Optimization in backbone networks

The notion of Shared Risk Link Groups (SRLG) has been introduced to capture survivability issues where some links of a network fail simultaneously. In this context, the diverse routing problem is to find a set of pairwise SRLG-disjoint paths between a given pair of end nodes of the network. This problem has been proved NP-complete in general and some polynomial instances have been characterized.

In [33] , [32] , we investigate the diverse-routing problem in networks where the SRLGs are localized and satisfy the star property. This property states that a link may be subject to several SRLGs, but all links subject to a given SRLG are incident to a common node.

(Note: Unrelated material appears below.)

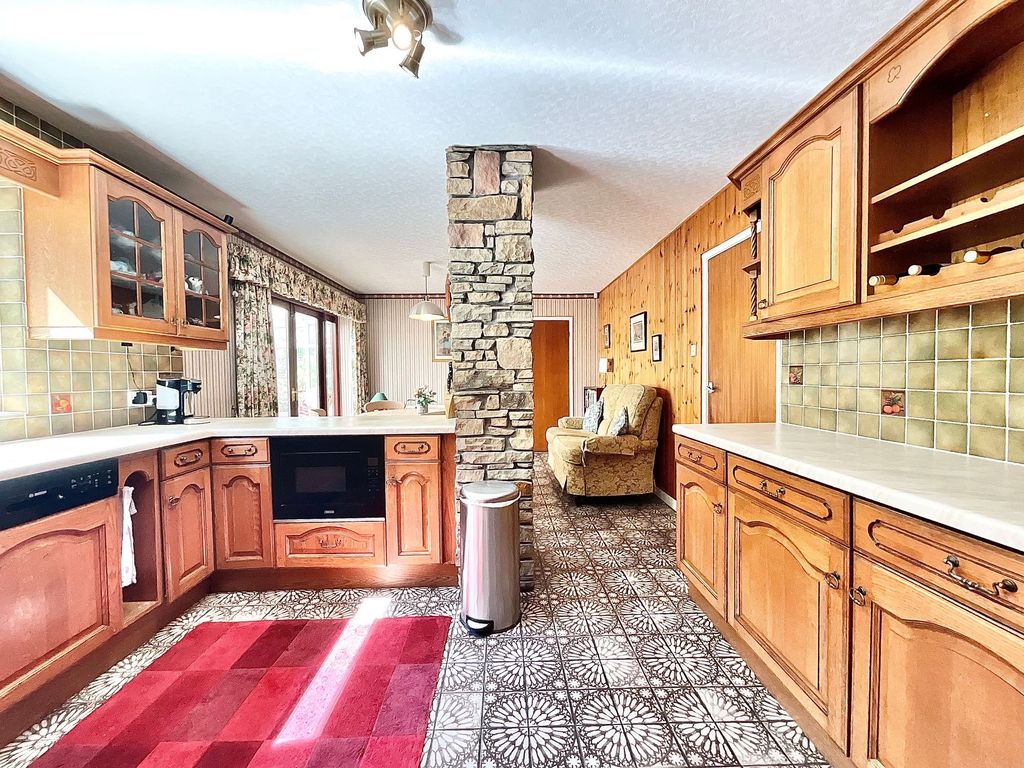 Property photo 3 of 41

We first provide counterexamples to the polynomial-time algorithm proposed in the literature for computing a pair of SRLG-disjoint paths in networks with SRLGs satisfying the star property, and then prove that this problem is in fact NP-complete. We have also characterized instances that can be solved in polynomial time or are fixed parameter tractable, in particular when the number of SRLGs is constant, the maximum degree of the vertices is at most 4, and when the network is a directed acyclic graph. Moreover, we have considered the problem of finding the maximum number of SRLG-disjoint paths in networks with SRLGs satisfying the star property. We have proved that such problem is NP-hard and hard to approximate. Then, we have provided exact and approximation algorithms for relevant subcases.

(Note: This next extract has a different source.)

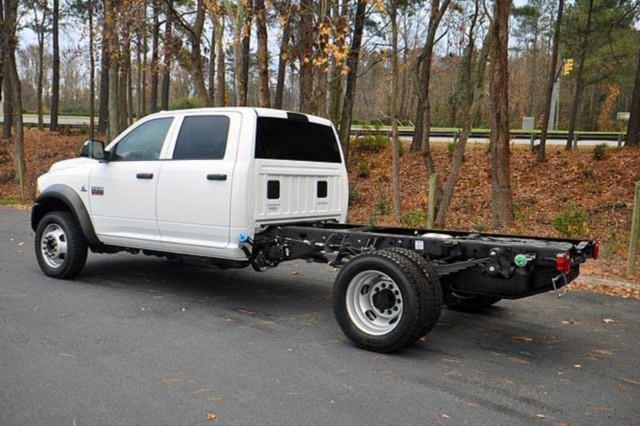 Dodge Ram Truck 2011 photo 2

Wavelength assignment in WDM networks

Let $𝒫$ be a family of directed paths in a directed graph $G$. The load of an arc is the number of directed paths containing this arc. Let $\pi \left(G,𝒫\right)$ be the maximum of the load of all the arcs and let $w\left(G,𝒫\right)$ be the minimum number of wavelengths (colours) needed to colour $𝒫$ in such a way that two directed paths with the same wavelength are arc-disjoint. These two parameters correspond respectively to the clique number and the chromatic number of the associated conflict graph, and $\pi \left(G,𝒫\right)\le w\left(G,𝒫\right)$. It was known that there exists directed acyclic graphs (DAGs) such that the ratio between $w\left(G,𝒫\right)$ and $w\left(G,𝒫\right)$ is arbitrarily large. In [18] , solving a conjecture of an earlier article, we show that the same is true for a very restricted class of DAGs, the UPP-DAGs, those for which there is at most one directed path from a vertex to another. We also characterized the DAGs such that $\pi \left(G,𝒫\right)=w\left(G,𝒫\right)$ for all families of directed paths.

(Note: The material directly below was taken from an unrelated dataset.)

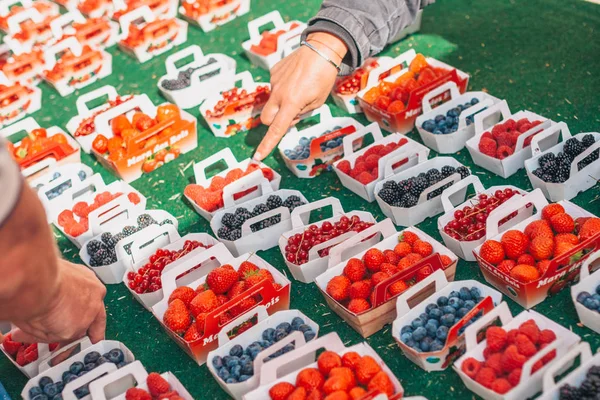 Commercio Bacche Nel Mercato Del Luberon — Foto Stock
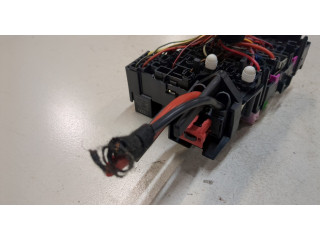 Блок предохранителей  Volkswagen Golf 7 2012-2017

Mutli-operators microwave backhaul networks

In [35] , we consider the problem of sharing the infrastructure of a backhaul network for routing. We investigate on the revenue maximization problem for the physical network operator (PNO) when subject to stochastic traffic requirements of multiple virtual network operators (VNO) and prescribed service level agreements (SLA). We use robust optimization to study the tradeoff between revenue maximization and the allowed level of uncertainty in the traffic demands. This mixed integer linear programming model takes into account end-to-end traffic delays as example of quality-of-service requirement in a SLA. To show the effectiveness of our model, we present a study on the price of robustness, i.e. the additional price to pay in order to obtain a feasible solution for the robust scheme, on realistic scenarios.

Energy efficiency

With one third of the world population online in 2013 and an international Internet bandwidth multiplied by more than eight since 2006, the ICT sector is a non-negligible contributor of worldwide greenhouse gases emissions and power consumption. Indeed, power consumption of telecommunication networks has become a major concern for all the actors of the domain, and efforts are made to reduce their impact on the overall figure of ICTs, and to support its foreseen growth in a sustainable way. In this context, the contributors of the European Network of Excellence TREND have developed innovative solutions to improve the energy efficiency of optical networks summarized in [45] .

Energy aware routing with redundancy elimination

Many studies have shown that energy-aware routing (EAR) can significantly reduce energy consumption of a backbone network. Redundancy Elimination (RE) techniques provide a complementary approach to reduce the amount of traffic in the network. In particular, the GreenRE model combines both techniques, offering potentially significant energy savings.

In [44] , we enhance the MIP formulation proposed in  [75] for the GreenRE model. We derive cutting planes, extending the well-known cutset inequalities, and report on preliminary computations.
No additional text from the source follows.